What the exercise asks
Across the listing below, count every line where the string "Three" appears, then give only the count.

Dataset below:

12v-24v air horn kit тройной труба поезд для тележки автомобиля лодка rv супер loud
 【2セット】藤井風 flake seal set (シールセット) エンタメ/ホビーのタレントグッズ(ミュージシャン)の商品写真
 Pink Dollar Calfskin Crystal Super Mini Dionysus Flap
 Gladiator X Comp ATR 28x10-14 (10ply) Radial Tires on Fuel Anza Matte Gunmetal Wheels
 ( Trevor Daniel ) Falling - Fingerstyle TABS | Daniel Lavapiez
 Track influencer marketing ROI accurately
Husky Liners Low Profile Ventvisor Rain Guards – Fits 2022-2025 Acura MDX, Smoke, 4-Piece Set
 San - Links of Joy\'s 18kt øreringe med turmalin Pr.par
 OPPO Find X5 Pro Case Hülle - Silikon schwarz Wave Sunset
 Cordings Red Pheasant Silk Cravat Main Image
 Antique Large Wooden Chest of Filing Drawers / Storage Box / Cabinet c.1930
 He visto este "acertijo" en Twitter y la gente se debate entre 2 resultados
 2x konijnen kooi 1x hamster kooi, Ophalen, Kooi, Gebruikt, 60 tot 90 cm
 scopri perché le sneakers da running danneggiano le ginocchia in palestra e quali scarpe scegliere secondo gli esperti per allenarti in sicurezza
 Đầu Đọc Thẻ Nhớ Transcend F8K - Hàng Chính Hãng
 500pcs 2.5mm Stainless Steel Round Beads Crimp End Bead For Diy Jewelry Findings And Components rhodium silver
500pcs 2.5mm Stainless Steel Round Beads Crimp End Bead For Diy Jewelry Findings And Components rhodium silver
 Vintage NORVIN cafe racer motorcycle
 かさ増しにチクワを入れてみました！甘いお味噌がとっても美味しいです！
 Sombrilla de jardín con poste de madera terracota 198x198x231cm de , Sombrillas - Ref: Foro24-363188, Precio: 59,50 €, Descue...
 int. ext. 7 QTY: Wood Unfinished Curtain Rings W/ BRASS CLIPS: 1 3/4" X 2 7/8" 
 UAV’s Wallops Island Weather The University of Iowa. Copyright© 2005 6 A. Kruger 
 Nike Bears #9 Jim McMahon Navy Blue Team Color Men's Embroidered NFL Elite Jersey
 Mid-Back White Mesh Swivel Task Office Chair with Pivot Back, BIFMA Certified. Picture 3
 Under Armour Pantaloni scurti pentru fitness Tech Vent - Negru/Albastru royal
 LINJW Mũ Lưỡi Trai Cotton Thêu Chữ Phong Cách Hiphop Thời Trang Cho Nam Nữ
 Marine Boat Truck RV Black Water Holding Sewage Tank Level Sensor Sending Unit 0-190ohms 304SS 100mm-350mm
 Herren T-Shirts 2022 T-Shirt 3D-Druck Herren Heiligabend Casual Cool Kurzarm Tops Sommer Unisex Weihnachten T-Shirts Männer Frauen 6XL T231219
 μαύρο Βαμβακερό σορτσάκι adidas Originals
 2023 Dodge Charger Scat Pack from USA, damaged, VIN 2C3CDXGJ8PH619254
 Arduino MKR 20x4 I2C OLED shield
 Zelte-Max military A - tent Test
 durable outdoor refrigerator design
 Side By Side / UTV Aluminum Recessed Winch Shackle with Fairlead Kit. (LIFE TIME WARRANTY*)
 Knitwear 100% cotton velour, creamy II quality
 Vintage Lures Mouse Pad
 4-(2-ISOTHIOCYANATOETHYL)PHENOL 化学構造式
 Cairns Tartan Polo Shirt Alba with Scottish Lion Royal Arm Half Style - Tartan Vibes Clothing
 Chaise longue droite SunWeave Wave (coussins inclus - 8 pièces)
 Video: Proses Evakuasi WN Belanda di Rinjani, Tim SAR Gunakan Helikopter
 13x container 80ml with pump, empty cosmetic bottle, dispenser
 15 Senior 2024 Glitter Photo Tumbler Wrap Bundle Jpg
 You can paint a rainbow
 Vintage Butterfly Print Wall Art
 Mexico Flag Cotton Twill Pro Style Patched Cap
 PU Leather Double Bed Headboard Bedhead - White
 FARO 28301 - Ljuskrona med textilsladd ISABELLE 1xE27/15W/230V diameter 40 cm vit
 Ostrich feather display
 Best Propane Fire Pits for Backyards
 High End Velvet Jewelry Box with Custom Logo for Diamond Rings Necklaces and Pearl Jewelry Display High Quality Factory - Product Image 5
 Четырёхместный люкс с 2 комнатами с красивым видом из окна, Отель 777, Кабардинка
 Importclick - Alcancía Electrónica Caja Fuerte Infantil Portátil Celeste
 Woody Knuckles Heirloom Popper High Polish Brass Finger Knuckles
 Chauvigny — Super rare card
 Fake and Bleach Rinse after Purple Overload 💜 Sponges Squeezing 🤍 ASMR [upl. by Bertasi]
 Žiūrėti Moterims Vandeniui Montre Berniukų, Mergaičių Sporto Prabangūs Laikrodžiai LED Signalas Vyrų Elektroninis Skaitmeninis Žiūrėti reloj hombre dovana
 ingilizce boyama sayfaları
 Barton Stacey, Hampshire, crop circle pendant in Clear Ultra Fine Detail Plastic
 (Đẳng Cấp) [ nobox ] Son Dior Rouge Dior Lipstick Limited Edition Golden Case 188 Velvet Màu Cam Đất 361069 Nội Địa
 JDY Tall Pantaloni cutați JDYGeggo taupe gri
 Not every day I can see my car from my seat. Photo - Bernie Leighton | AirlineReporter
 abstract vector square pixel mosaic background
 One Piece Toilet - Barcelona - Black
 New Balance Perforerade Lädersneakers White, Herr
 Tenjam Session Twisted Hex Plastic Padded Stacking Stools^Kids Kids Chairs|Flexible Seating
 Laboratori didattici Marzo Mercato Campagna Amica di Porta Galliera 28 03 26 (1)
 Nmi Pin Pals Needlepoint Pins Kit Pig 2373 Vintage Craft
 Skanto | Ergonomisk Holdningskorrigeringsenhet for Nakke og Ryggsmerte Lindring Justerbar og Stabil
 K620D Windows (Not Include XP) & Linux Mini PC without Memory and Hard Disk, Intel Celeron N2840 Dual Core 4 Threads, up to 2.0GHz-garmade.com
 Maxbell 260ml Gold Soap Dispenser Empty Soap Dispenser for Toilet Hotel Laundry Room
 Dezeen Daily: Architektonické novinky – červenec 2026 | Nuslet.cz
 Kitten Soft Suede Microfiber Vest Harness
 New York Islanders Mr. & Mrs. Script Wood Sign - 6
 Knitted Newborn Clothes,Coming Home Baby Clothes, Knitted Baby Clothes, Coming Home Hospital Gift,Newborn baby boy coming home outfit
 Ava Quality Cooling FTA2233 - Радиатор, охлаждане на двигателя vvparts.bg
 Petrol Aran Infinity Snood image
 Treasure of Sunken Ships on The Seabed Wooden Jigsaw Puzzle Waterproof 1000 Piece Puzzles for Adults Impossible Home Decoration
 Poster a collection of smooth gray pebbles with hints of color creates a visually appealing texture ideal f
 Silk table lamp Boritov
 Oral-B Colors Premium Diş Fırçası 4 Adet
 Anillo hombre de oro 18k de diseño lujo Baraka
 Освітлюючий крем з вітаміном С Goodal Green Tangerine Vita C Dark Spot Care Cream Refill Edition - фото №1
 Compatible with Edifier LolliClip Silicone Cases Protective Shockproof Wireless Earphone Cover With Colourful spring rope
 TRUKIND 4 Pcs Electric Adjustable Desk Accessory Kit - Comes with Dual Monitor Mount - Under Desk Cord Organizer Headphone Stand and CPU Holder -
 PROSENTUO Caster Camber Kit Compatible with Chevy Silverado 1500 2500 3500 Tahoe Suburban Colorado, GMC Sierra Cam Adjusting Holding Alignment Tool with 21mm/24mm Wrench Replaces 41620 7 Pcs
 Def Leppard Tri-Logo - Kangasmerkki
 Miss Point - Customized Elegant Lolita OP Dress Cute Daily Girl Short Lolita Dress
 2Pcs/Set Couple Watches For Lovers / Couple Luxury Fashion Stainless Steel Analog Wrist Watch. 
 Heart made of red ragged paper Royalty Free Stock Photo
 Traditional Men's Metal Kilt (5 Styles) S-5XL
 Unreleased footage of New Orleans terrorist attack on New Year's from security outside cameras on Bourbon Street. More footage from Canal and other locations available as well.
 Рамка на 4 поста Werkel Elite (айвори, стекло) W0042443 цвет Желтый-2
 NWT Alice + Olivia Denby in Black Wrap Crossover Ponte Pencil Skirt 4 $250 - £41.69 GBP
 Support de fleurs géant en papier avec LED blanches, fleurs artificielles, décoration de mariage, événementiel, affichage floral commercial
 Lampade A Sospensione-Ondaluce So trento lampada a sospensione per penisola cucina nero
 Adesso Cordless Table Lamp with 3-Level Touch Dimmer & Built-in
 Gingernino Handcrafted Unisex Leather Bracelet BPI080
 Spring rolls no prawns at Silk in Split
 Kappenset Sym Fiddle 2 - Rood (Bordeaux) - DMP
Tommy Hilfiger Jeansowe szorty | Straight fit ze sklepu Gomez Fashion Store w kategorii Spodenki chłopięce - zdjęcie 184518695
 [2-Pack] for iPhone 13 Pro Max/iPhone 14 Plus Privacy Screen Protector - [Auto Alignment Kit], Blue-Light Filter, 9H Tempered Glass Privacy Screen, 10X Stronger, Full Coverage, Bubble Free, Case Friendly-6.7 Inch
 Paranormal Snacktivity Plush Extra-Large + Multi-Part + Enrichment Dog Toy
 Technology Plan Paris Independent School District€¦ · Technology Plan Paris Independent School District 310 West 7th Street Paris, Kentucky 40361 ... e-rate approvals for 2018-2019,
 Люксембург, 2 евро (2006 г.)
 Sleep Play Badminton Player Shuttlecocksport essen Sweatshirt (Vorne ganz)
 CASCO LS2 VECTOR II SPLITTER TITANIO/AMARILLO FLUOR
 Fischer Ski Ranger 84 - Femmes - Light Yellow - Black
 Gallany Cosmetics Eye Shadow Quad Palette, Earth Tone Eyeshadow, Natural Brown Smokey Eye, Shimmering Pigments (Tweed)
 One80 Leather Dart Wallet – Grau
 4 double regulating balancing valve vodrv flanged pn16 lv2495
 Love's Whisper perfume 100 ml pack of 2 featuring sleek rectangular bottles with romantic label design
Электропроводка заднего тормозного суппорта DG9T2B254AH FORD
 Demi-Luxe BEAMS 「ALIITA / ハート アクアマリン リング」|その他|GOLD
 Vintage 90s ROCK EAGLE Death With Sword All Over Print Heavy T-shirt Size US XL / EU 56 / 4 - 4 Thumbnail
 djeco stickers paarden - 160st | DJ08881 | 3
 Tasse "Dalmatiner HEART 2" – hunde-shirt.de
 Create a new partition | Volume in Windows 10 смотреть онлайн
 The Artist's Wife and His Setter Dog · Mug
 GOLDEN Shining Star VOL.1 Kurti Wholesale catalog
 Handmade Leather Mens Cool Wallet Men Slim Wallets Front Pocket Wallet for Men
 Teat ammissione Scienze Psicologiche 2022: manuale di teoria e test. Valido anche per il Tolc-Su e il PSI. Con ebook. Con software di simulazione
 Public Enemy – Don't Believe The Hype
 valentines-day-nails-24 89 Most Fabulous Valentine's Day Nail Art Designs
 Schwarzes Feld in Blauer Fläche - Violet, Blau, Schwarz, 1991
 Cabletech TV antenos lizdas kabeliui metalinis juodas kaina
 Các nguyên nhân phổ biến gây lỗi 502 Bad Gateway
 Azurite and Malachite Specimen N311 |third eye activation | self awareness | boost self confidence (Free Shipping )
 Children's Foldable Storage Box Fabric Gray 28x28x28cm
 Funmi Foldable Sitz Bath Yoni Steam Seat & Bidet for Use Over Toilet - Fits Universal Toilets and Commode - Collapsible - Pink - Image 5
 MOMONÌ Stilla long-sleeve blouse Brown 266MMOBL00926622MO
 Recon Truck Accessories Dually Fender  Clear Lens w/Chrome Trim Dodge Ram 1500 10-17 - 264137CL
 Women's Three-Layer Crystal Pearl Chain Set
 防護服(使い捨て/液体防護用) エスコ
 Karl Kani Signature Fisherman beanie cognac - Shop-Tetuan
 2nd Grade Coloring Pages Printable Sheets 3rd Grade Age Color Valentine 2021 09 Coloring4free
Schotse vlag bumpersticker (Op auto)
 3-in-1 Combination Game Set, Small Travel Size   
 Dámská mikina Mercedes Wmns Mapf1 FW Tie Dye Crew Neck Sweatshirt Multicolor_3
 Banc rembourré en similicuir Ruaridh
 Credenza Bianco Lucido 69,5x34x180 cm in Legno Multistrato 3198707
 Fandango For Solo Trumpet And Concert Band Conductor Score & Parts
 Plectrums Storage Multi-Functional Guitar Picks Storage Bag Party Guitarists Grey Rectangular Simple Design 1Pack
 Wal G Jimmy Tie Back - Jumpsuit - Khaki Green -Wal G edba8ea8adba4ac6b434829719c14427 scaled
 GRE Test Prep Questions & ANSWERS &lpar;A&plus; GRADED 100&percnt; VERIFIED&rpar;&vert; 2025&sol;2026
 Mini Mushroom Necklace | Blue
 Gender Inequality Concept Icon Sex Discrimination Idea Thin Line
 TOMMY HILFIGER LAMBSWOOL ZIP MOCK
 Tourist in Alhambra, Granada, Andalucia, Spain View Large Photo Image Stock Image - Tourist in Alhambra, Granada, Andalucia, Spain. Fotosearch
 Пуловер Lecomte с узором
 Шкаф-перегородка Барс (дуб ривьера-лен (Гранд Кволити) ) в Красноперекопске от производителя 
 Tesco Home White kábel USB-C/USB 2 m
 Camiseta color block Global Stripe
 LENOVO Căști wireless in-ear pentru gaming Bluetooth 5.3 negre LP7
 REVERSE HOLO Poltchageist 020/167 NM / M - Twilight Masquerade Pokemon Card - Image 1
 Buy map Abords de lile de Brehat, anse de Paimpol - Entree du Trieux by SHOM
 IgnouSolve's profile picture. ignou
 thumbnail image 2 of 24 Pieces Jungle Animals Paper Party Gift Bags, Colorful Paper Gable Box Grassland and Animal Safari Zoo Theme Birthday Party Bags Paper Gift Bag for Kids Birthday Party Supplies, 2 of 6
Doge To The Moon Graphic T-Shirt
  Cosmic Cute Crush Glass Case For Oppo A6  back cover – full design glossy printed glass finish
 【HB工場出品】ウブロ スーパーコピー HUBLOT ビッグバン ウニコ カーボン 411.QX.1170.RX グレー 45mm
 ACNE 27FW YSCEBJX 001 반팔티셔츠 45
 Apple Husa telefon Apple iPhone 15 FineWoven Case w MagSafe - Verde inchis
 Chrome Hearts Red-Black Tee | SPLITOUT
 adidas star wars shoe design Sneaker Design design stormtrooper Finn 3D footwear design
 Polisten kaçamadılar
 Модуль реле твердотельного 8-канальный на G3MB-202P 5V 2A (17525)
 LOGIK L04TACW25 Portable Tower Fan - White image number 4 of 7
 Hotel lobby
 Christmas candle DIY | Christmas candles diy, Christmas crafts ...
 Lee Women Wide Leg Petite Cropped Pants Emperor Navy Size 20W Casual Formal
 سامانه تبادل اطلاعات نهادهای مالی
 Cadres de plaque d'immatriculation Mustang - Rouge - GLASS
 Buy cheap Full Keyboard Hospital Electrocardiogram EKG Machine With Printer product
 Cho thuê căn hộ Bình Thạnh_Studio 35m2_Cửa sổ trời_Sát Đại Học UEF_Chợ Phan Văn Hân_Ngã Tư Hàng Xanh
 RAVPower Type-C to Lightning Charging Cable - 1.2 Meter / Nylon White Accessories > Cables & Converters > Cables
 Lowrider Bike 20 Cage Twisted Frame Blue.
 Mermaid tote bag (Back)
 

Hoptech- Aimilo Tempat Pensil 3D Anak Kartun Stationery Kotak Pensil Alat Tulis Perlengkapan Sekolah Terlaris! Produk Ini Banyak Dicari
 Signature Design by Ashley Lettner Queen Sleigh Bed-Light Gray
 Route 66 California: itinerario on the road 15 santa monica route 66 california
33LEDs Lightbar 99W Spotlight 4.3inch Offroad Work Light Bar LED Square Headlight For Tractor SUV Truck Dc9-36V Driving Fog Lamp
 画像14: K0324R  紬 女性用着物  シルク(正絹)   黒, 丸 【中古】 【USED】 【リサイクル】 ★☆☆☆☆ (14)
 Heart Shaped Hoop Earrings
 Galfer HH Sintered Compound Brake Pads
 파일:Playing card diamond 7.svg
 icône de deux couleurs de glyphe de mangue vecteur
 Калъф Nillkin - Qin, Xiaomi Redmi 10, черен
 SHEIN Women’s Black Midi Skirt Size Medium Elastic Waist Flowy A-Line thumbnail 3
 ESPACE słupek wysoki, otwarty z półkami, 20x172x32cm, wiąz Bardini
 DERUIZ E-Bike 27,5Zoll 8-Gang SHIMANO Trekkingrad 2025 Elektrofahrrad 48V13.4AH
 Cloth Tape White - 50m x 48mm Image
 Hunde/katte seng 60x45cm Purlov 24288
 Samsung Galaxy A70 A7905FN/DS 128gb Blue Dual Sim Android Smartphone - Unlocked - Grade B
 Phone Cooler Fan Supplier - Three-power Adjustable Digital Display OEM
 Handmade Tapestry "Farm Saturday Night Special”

End of Dataset.

Problem solution
2